By Olivia Ward, Foreign Affairs Reporter
Toronto Star, Toronto, Ontario, Canada, Sat, Jun 13, 2009

MOSCOW – Lyudmila Alexeyeva has spent decades grappling with the ghosts of history.

A schoolgirl in the days of Stalin's terror, she helped send food parcels to starving friends and relatives in famine-struck Ukraine and distant parts of
Russia. But her experiences were airbrushed from the official record as the country raced toward the bright communist future, divorced from its dark past.

Like other Russians of her time, the 81-year-old historian and human rights activist was taught to bury her memories alongside the dead. And it was not
until the fall of communism that the past flooded into history books, classrooms and the media, undermining old certainties and raising painful doubts.

Now, says Alexeyeva – who spent months in the 1960s typing Alexander Solzhenitsyn's banned exposés of the Soviet gulag and smuggling them to friends – the current of history seems once again to be running in reverse. During Vladimir Putin's nine years in power as president and prime minister, the past has again become a battleground in a quiet struggle for the hearts and minds of Russians.

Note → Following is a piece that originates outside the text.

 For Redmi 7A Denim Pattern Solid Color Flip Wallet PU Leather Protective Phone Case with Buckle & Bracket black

From the trashing of politically incorrect textbooks to a clampdown on government archives, no gravestone is left unturned in creating a positive version of Russia's statehood. "When a country doesn't know what to do about the future it meddles with the past," Alexeyeva said at home in central Moscow. "It happened in Soviet times and we're wading into those waters again."

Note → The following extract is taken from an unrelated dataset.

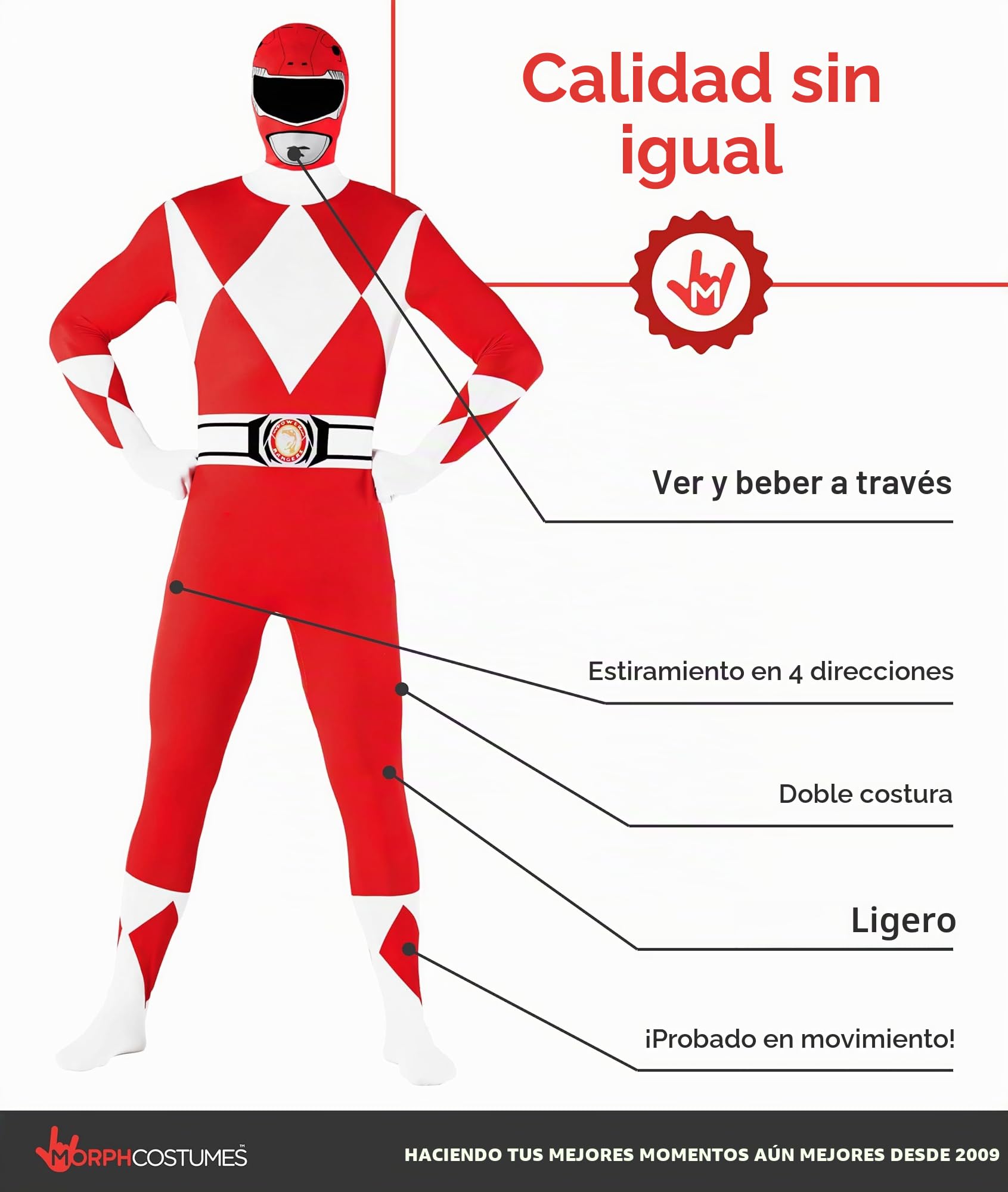 Morphsuits Disfraz Power Ranger Adulto, Disfraz Halloween Hombre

Alexeyeva, who was fired from her job and the Communist Party for campaigning for political prisoners' rights in the 1970s, insists that 21st-century Russia cannot be compared with the repressive Soviet era. But she sees disturbing signs.

In May, Putin's successor, President Dmitry Medvedev, ordered the creation of a commission to counter the "falsification of history." The move was part
of an effort to buff Russia's image at home and abroad, and boost national pride at a time of deep economic unease.

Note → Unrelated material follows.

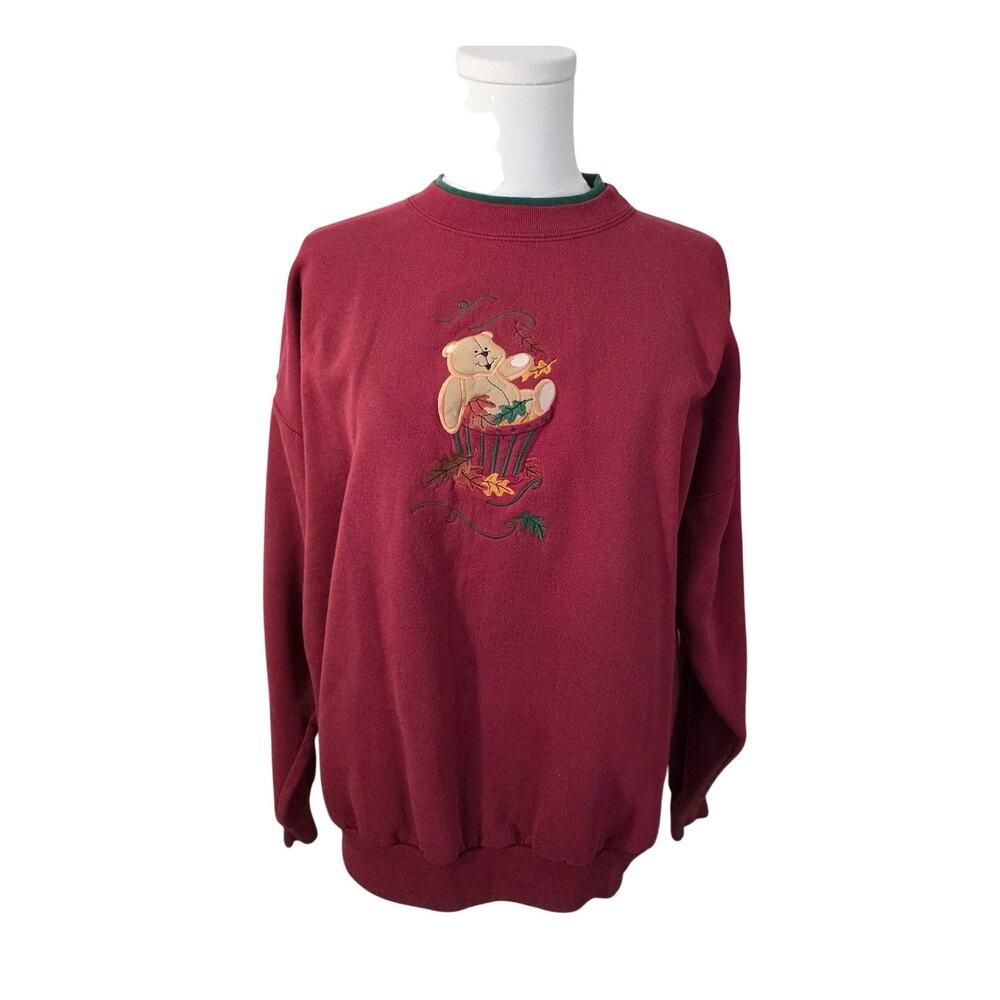 VTG M&C Energy Sportswear Sweatshirt L Maroon Fall Autumn Teddy Bear Basket 90s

At its centre is Russia's victorious role in World War II, known as the Great Patriotic War. The conflict caused the deaths of a staggering 25 million or more Soviet citizens, and has since formed the bedrock of Russia's national pride.

This spring the State Duma drafted a law that would hand out fines and jail terms to anyone who published accusations of wartime atrocities or illegal
occupation by the Red Army. The bill urged cutting ties with countries that officially revised World War II history, as well as barring their leaders from Russia. It followed Ukraine's efforts for recognition of the Holodomor – a famine that killed millions under Josef Stalin's rule – as a genocide, as well as condemnation in Baltic countries of the Soviet Union's post-war occupation.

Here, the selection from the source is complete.